Your copy of the data should match it exactly, leaving out only the pictures.

=== Given data ===
+ + + + +
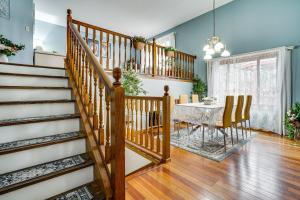 a dining room with a staircase and a table at Deck & Outdoor Dining! Spacious St Paul Getaway in North Saint Paul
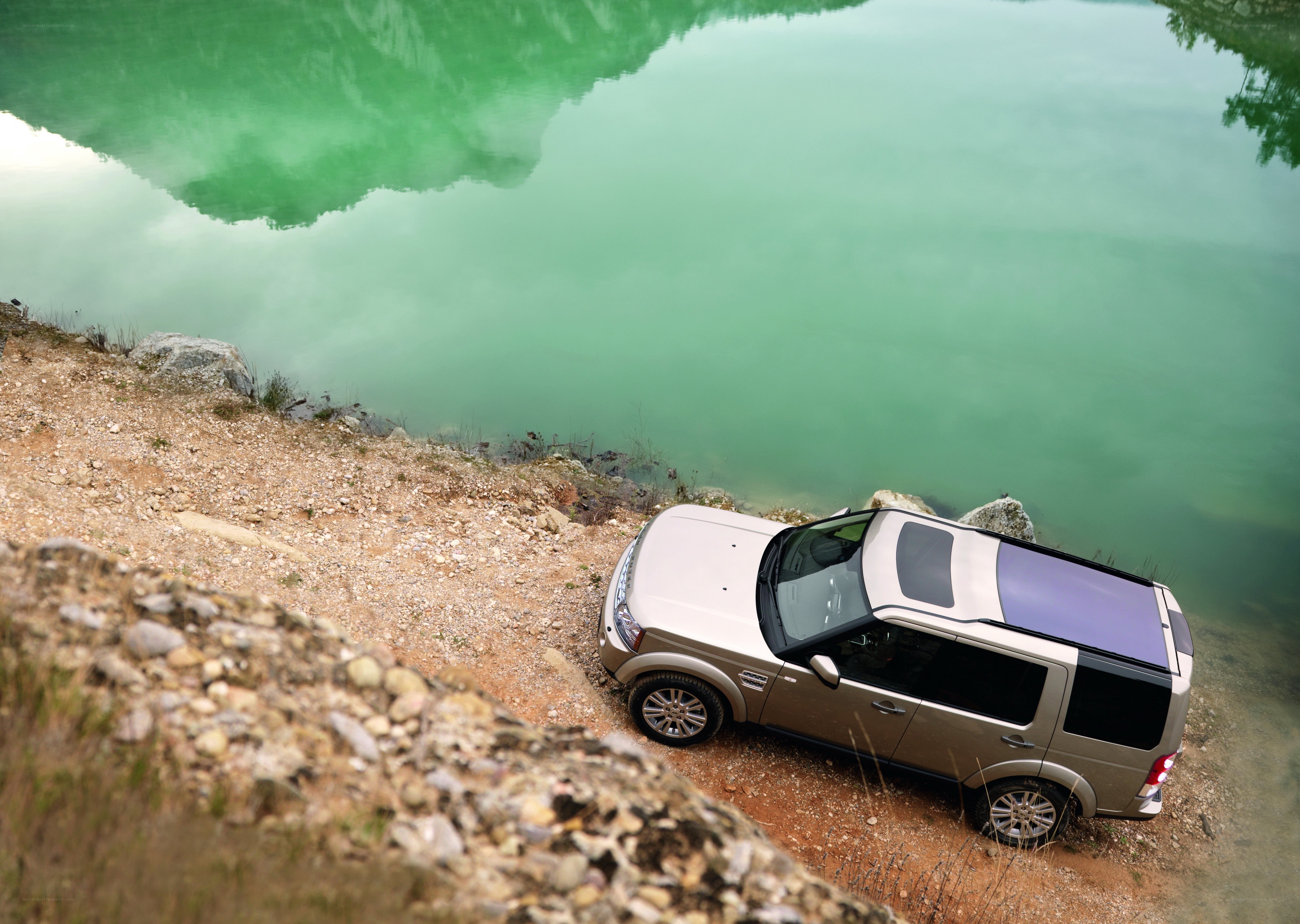 SUV by a green lake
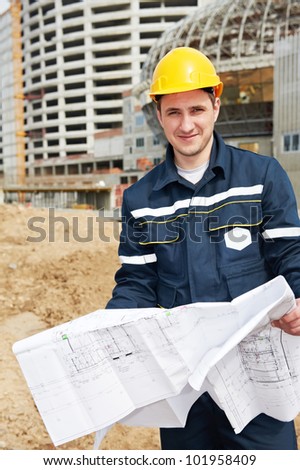One happy engineer builder foreman with blueprint plan working deawing at construction site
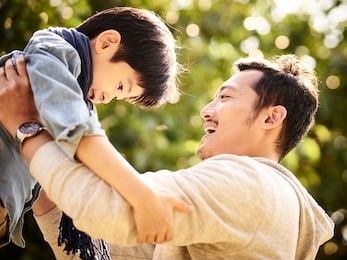 asian father having fun lifting son oudoors in park.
+ + + + +
=== Written reply ===
 a dining room with a staircase and a table at Deck & Outdoor Dining! Spacious St Paul Getaway in North Saint Paul
 SUV by a green lake
One happy engineer builder foreman with blueprint plan working deawing at construction site
 asian father having fun lifting son oudoors in park.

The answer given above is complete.